# Fantasy Football Philosopher: How Much of a Sample Size Do We Need?

Projections are central to fantasy football. Analysts and managers alike are constantly analyzing trends and ascertaining if they can extrapolate them *forward*.

We’ve had plenty of surprising trends to start the 2021 season. On the upside, Mike Williams and Cooper Kupp are examples of wide receivers with surprisingly high involvement in their respective offensive schemes; as a result, their production has landed them atop the position. On the downside, perennial WR1 Allen Robinson has had a troubling start to the season, floundering as one of the lone bright spots in a struggling Bears offense. Naturally, for these players and others, the salient question is if these trends will *persist*. Is it time to sell high on Williams and Kupp and try to trade for a haul, or should we expect them to keep on dominating? Similarly, is Allen Robinson a buy-low opportunity, or should you trade him away the first chance you get?

A crucial metric – probably *the *crucial metric – used to determine if trends will continue is, naturally, *sample size.* Simply put, you would rather have a WR coming off of 7 strong games than a WR that just picked things up over the last two weeks.

This leads us to our philosophical question for today’s series: a larger sample size is better, but *how large does it need to be? *How does our confidence in predicting trends change as we see more games being put together? All data, unless otherwise specified, comes from nflfastr; we’ll be using data since 2010 with Half PPR scoring.

##### Methodology

Our approach will be pretty simple. Let’s imagine a single player; say, quarterback Tom Brady, from years 2016-2017.

- Determine a list of statistics that are important for the position. For QBs, for instance, this might be YPG, fantasy points per game, INTs, etc.
- Look at the final 10-game window from Brady’s 2016 season and calculate his YPG. Then, calculate the YPG that he threw for in the entire 2017 season.
- Repeat step (2), but for game window sizes 1 – 9 and for the other statistics (fantasy points per game, INTs, etc.).

Here is a snippet of what our data might look like:

For example, the first row says that, in the final eight weeks of 2016, Brady thew 0.25 INTs per game and, in the entire 2017 season, Brady threw for 0.5 INTs per game. Naturally, we are going to use this data to tell us how good previous game data is at *predicting *future game data

Anyways, we can complete the same steps above for all players from 2010 – 2020. I do throw out players that change teams in between years, since this means that they are in entirely different situations and it doesn’t make as much sense to project old trends forward. For example, even before the injury, we didn’t expect Will Fuller V’s excellent season with Deshaun Watson last year to translate into the *same *level of success with Tua and the crowded WR room in Miami.

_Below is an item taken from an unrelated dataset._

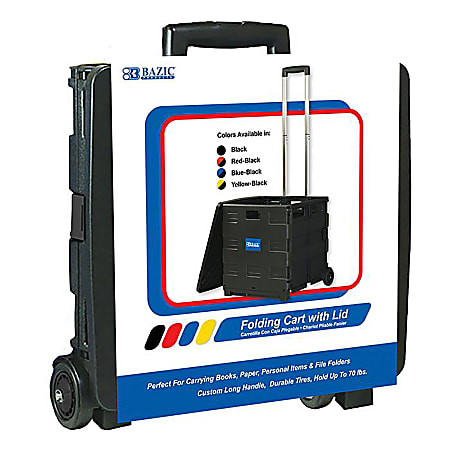 BAZIC Products Folding Cart On Wheels With Lid Cover, 18"H x 15"W x 16"D, Black/Gray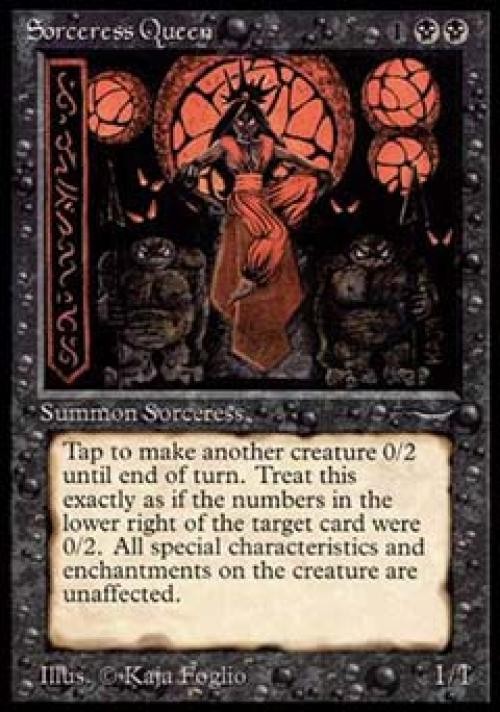 MTG English Sorceress Queen Heavy Play Normal Arabian Nights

You might notice that I’m looking at data *across *seasons, while we are concerned with *in-season *trends; that is, how do the first 6 weeks of the year affect things going forward? Frankly, it’s far easier to use projections across seasons because of the clean break in between years, and I took this approach because I don’t expect the result to change that much if I’m using across-seasons or in-season. That’s because while, naturally, *predictions* will be better if we use games in the *same *season, the relative amount that *sample sizes* improve projections should be similar whether we are looking across years or within a year. That is to say, you can likely apply these conclusions *right now *to a player you are predicting for the rest of the year; or, at least, I can’t think of a reason why you couldn’t. Without further ado, let’s look at the results.

##### Quarterbacks

We’ll consider these results positionally, starting with quarterbacks. The relevant statistics here are INTs, fantasy points (‘PTS’), touchdowns and yards, all on a per-game basis.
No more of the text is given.